◆ Exercise brief ◆
Repeat the whole listing below exactly as it reads.

◆ Source data ◆
=== Begin Enclosure ===

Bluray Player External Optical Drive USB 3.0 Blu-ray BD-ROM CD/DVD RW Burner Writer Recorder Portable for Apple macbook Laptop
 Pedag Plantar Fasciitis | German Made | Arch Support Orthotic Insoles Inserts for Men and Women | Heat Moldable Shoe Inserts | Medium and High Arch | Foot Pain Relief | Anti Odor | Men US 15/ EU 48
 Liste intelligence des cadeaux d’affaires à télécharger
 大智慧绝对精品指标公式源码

=== End Enclosure ===

◆ Problem solution ◆
Bluray Player External Optical Drive USB 3.0 Blu-ray BD-ROM CD/DVD RW Burner Writer Recorder Portable for Apple macbook Laptop
 Pedag Plantar Fasciitis | German Made | Arch Support Orthotic Insoles Inserts for Men and Women | Heat Moldable Shoe Inserts | Medium and High Arch | Foot Pain Relief | Anti Odor | Men US 15/ EU 48
 Liste intelligence des cadeaux d’affaires à télécharger
 大智慧绝对精品指标公式源码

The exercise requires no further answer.